Wednesday, January 13, 2010

The Handset

The pitching tool or 'handset' as it is sometimes called, is a great tool for taking off ledges of stone along the face of a rock, even deep into the meat of a stone. It can be very useful in taking off a lot of stone and squaring it up. These are chisels that have a very flat blunt edge to them whereas tracers are chisels that look similar but come to a sharper edge. You can be more precise with a tracer but it is generally not used to take off a lot of stone or used like a point. I however tend to use it that way all the time. But thats not the point. Next to the point, (a pointed chisel) the handset is a the hand tool of choice amongst the stone masons here in Ventura at the Japanese dry stone wall workshop being run by the Stonefoundation. The other hand tool some people like to use on big stones is the 'bull set'. This baby is used for roughing out or shaping large blocks of stone. Using the bull set is a 2-person operation - one person holds the special bull-nosed hammer angled on its edge, set in place along the edge of the area of stone to be removed, angling the blade slightly toward the outside of the stone. The other person then hits it with the heavy striking hammer. The bull set hammer is not meant to be swung at all. But I've seen people do just that. So people break the rules and the stones all the time.

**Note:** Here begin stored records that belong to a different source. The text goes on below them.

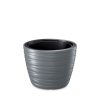 Maze Kőhatású Műanyag Virágtartó Szürke 37,5 cm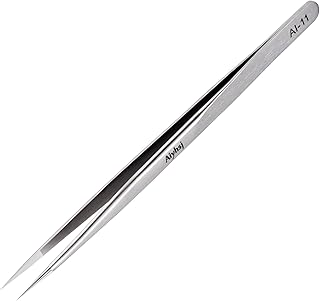Precision Tweezer, Upgraded Professional Pointed, High-end Stainless Steel Tweezers for Craft, Electronics, Soldering, Model, Laboratory Work, Jewelry-Making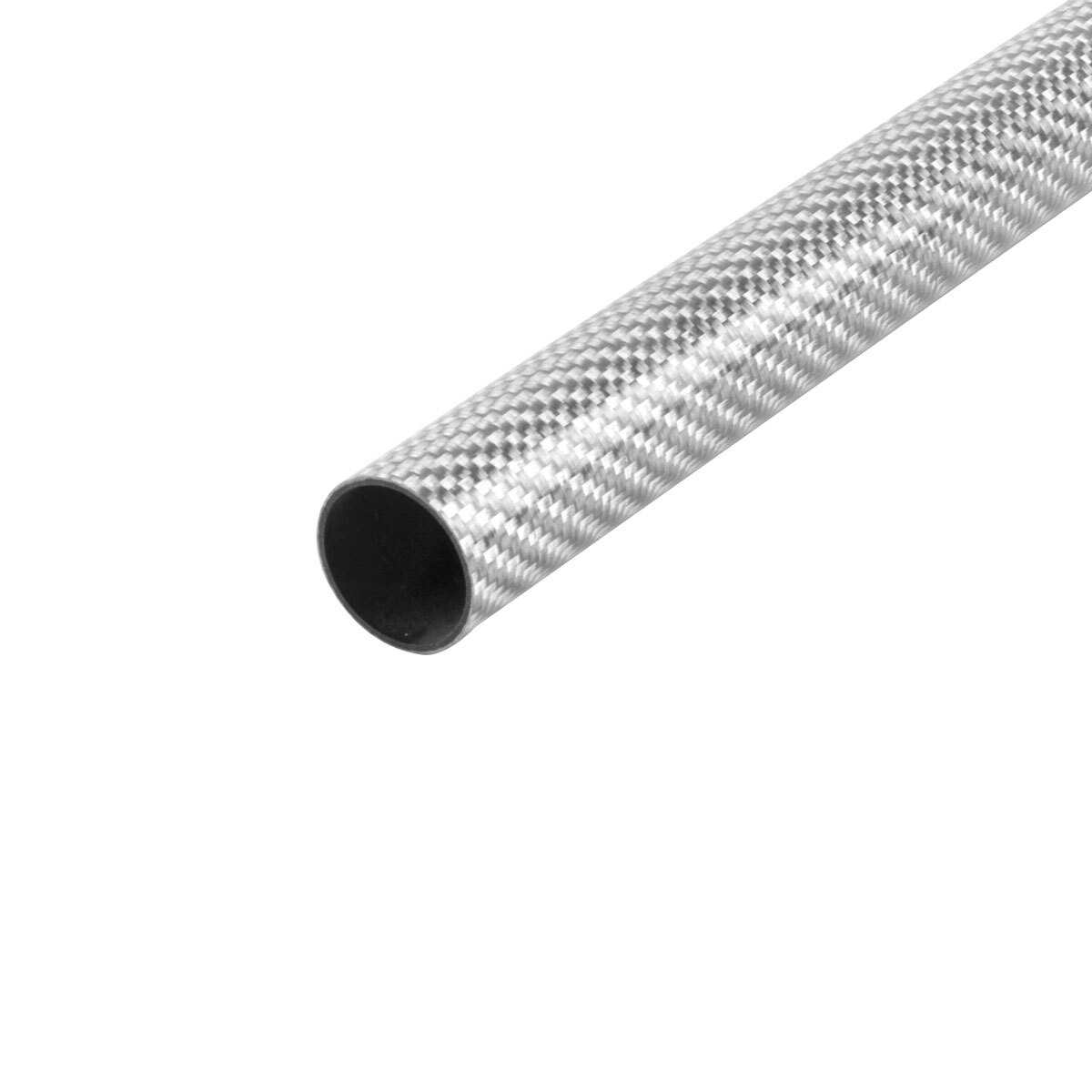 2PCS 23mm*21mm*500mm Roll Carbon Fiber Tube RC Airplane 3K Glossy Multicolor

Anyway, like the handset which specifically refers to the hands, all these tools are hand tools. They are for changing the shape of stones by applying some sort of grip and swing action which is what the hands can do very well. Hands can eventually become comfortable even continuously using tools like these.

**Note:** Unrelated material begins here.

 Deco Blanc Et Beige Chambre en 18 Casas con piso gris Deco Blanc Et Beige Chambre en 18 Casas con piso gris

Power tools by comparison often wear the hands and arms out much faster, with the constant machine-gun impact and the violent vibrations. The hands are continuously subject to jarring torquing motions with various power stone tools and must also watch out for dangerous whirling blades, screaming twirling drills, and gas and electric tools that produce fumes and on-site dust storms which make it hard to see and breath. It is no wonder that 'thinking hands', ( belonging to someone who is a dry stone walling enthusiast ) try to stay away from these not-so-hand-friendly tools as much as possible.